■ **WHAT YOU SHOULD DO**: In the listing below, find the line that contains "For images of" and the line that contains "Welcome students. Let's". Quote both and every line between them, exactly, and nothing more.

■ **RECORDS SHOWN**:

▼

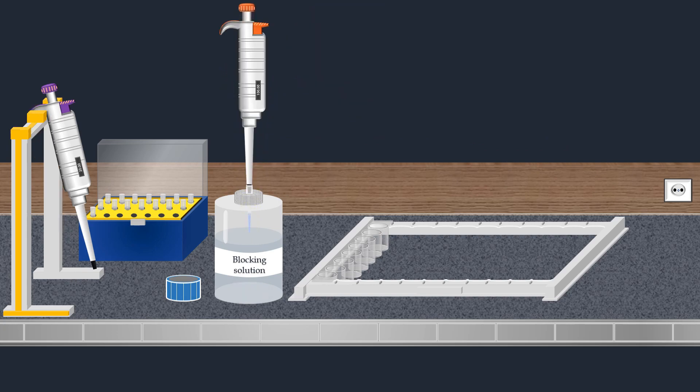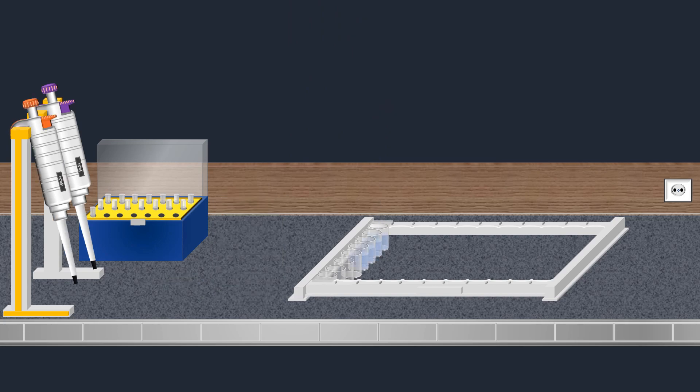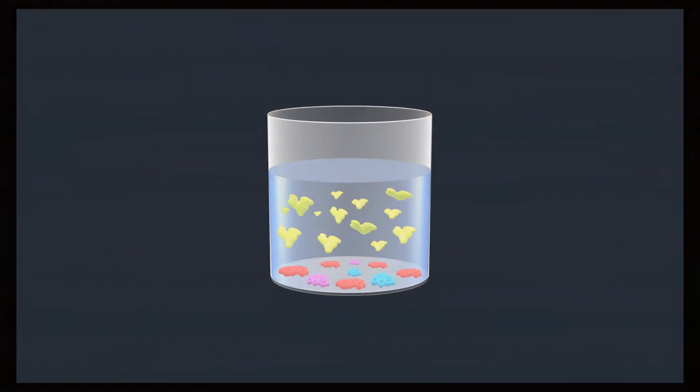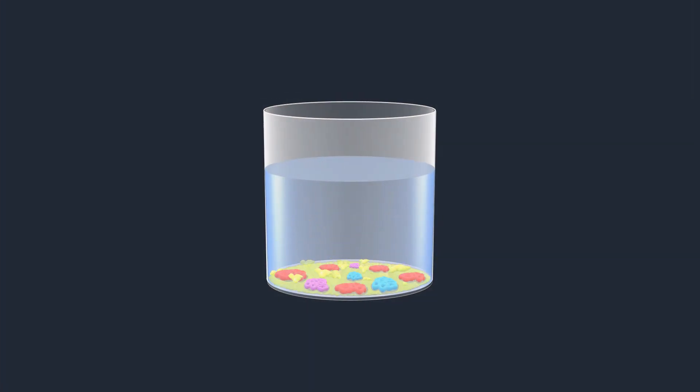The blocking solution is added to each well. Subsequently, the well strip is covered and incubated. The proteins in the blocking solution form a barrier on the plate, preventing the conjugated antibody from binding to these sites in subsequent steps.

▲
▼

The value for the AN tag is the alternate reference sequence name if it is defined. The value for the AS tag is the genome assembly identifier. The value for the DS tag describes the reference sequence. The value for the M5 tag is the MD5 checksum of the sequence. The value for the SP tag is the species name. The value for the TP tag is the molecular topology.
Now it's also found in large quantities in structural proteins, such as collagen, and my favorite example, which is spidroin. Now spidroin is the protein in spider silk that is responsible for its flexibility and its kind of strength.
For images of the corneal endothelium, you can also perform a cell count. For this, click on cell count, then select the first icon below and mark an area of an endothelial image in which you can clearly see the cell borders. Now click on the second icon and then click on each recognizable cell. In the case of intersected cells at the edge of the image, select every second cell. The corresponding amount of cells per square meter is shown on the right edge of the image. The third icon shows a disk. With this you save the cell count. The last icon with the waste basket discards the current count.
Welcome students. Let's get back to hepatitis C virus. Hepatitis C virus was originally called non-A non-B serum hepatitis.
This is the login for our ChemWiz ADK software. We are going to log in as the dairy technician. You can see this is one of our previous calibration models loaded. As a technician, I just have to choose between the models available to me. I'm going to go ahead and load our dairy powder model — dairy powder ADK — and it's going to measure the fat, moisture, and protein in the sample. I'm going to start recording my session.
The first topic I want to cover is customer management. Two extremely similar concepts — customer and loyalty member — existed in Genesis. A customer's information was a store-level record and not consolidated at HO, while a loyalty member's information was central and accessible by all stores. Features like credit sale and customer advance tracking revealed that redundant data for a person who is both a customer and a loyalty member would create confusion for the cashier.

▲
▼

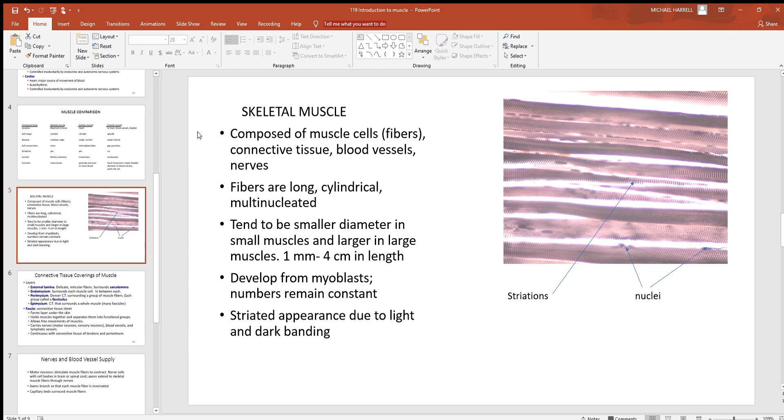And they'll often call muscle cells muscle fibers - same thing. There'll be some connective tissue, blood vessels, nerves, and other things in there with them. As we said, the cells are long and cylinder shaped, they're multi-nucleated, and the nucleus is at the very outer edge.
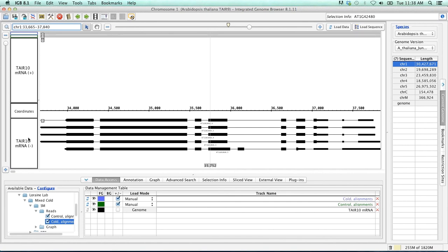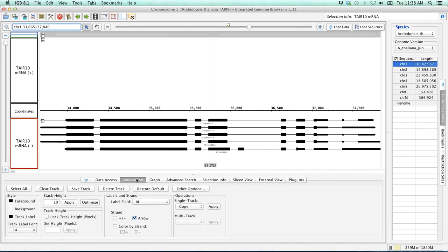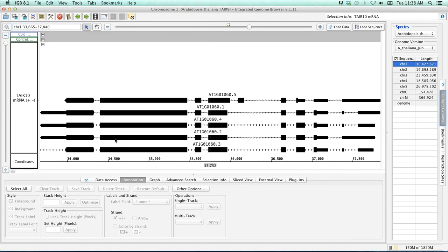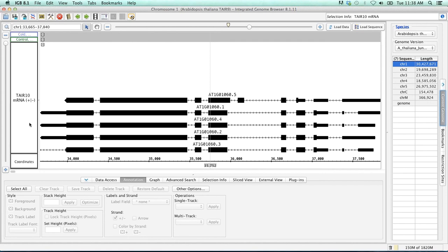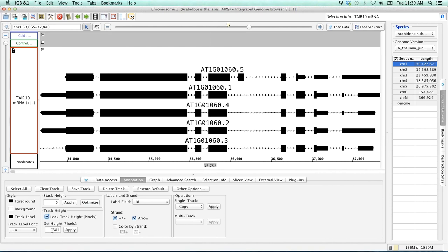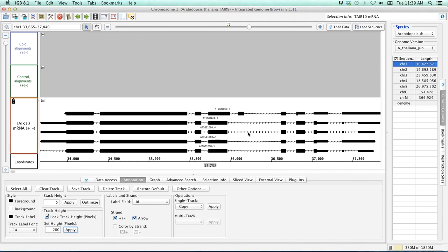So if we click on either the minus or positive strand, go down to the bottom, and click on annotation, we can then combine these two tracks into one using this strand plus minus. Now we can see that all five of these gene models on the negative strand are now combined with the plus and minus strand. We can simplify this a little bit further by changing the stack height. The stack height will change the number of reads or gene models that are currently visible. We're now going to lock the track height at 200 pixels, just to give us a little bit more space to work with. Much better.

▲

■ **SOLUTION FOR THIS PROBLEM**:
For images of the corneal endothelium, you can also perform a cell count. For this, click on cell count, then select the first icon below and mark an area of an endothelial image in which you can clearly see the cell borders. Now click on the second icon and then click on each recognizable cell. In the case of intersected cells at the edge of the image, select every second cell. The corresponding amount of cells per square meter is shown on the right edge of the image. The third icon shows a disk. With this you save the cell count. The last icon with the waste basket discards the current count.
Welcome students. Let's get back to hepatitis C virus. Hepatitis C virus was originally called non-A non-B serum hepatitis.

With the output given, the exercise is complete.